WHAT YOU NEED TO DO: Could you set down exactly the lines of the data below, starting at the one that holds "Üniversite Öğrencilerinden Çanakkale Gezisi" and ending at the one that holds "Regenjacke aus recyceltem Polyester", both included, and only those?

RECORDS PROVIDED:
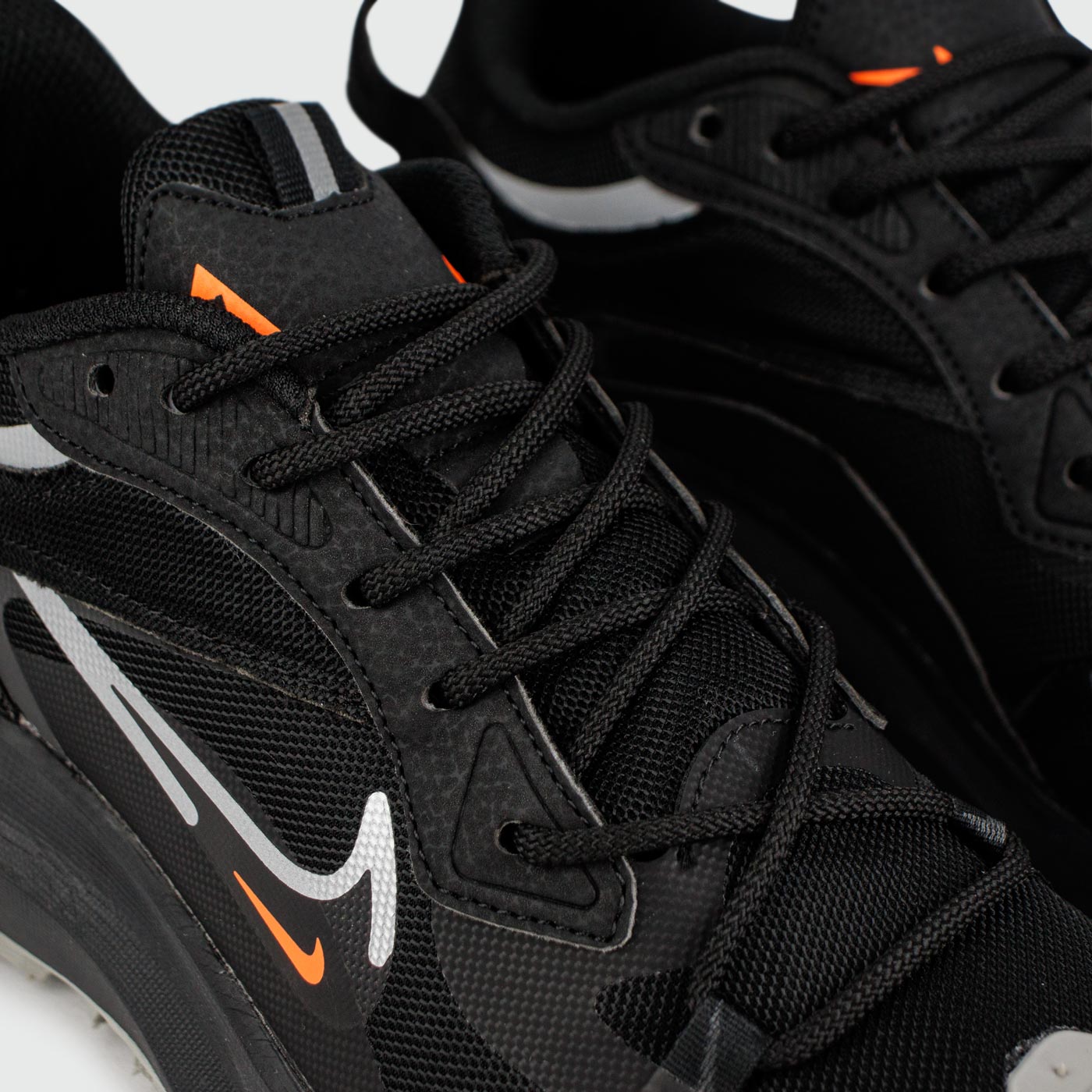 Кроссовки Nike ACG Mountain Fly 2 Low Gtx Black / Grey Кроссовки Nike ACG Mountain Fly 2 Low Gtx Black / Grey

---

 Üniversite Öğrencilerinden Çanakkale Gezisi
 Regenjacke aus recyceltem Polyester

--

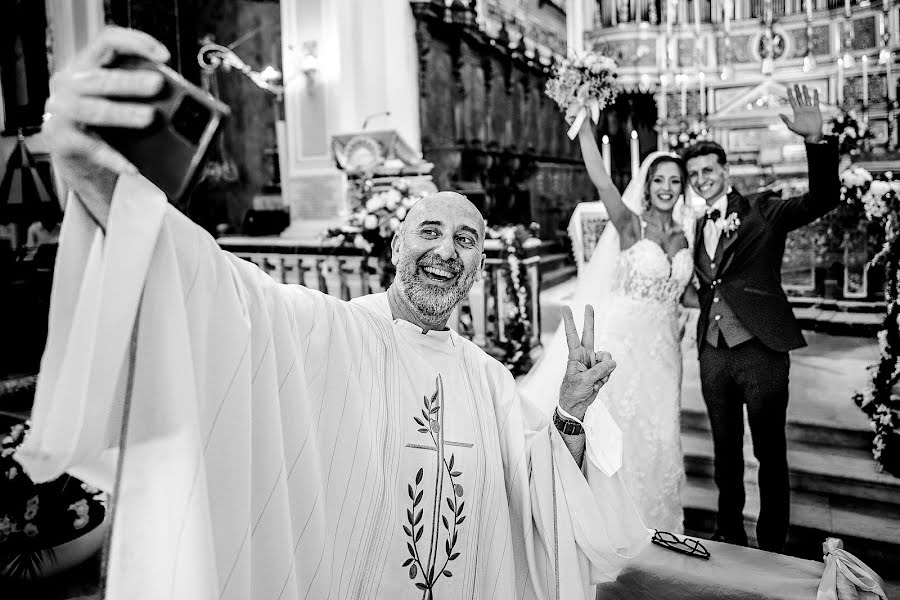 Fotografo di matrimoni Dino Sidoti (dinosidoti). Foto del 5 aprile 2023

ANSWER TO THE PROBLEM:
 Üniversite Öğrencilerinden Çanakkale Gezisi
 Regenjacke aus recyceltem Polyester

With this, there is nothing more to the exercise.